[Action item]
In the data below, the copy begins at the line containing "Journee Collection Black" and runs through the last line; repeat those lines exactly, minus the pictures.

[The data]
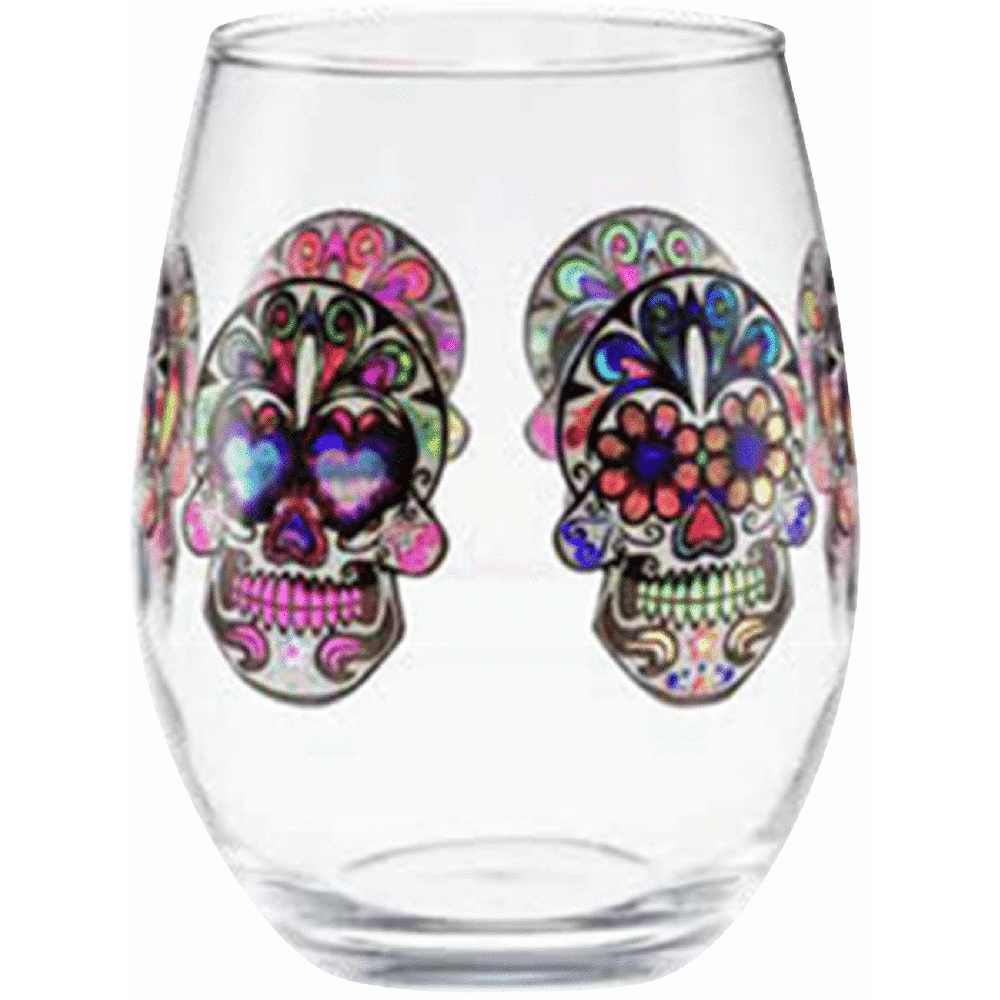 Culver Sugar Skull Calavera Skull 15-Ounce Stemless Wine Glass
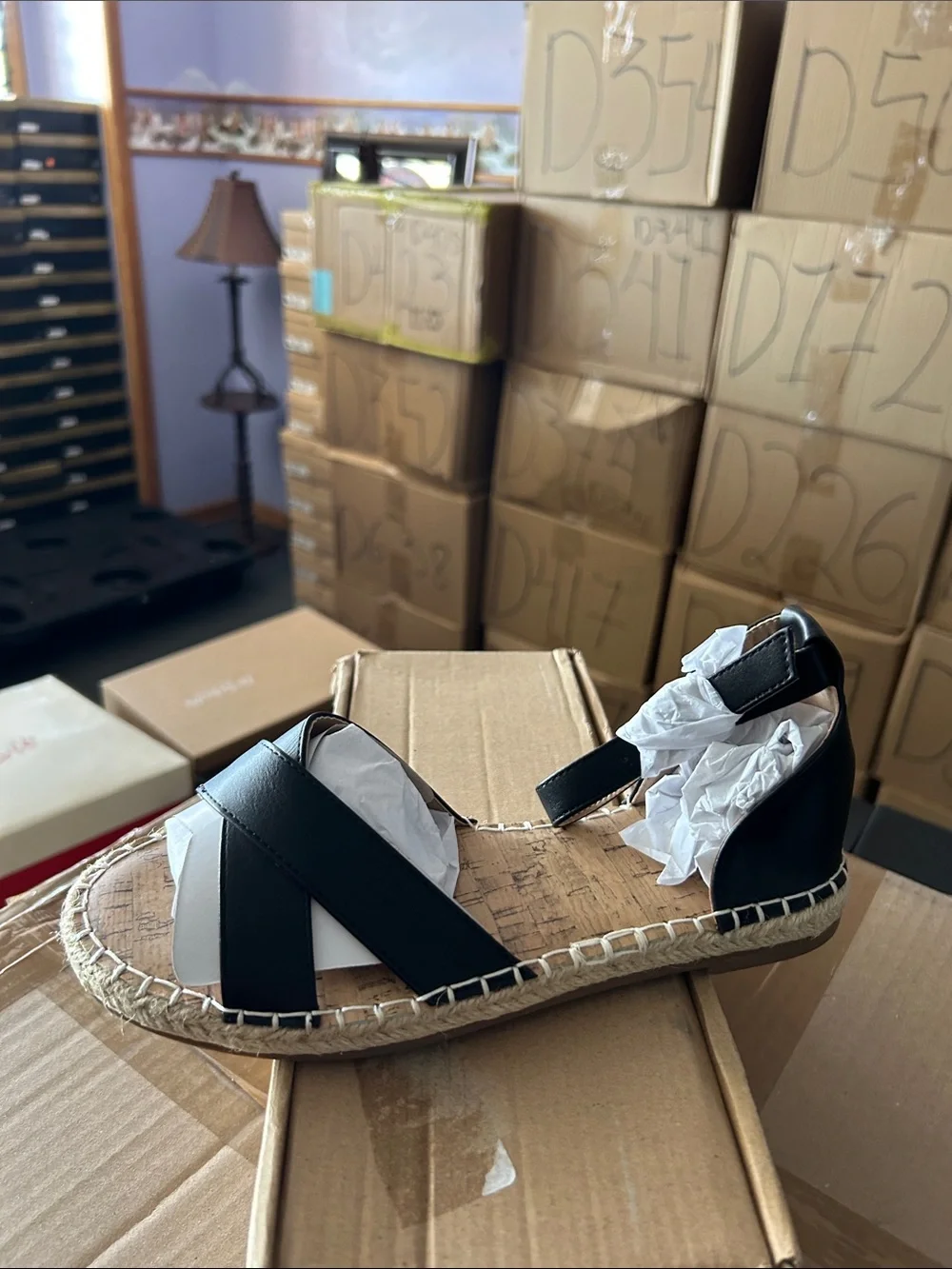Journee Collection Black Cross‑Strap Espadrille Sandal (Wide) - Picture 3 of 4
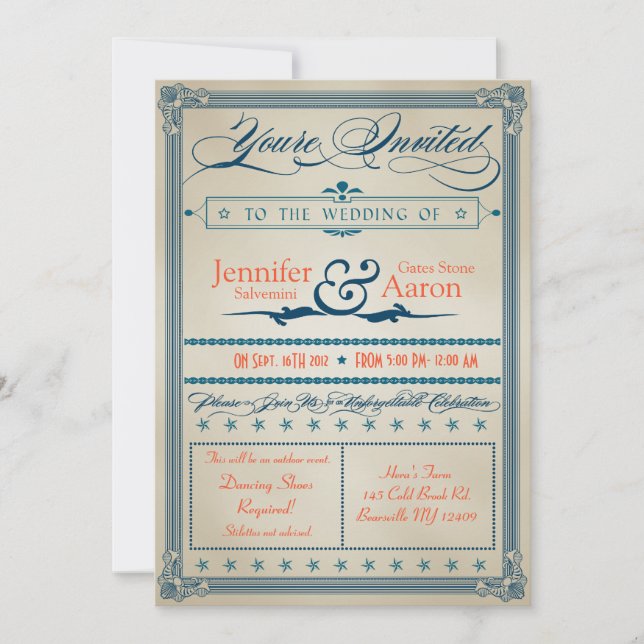 Vintage Wedding Invitation (Front)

[Answer to the problem]
Journee Collection Black Cross‑Strap Espadrille Sandal (Wide) - Picture 3 of 4
 Vintage Wedding Invitation (Front)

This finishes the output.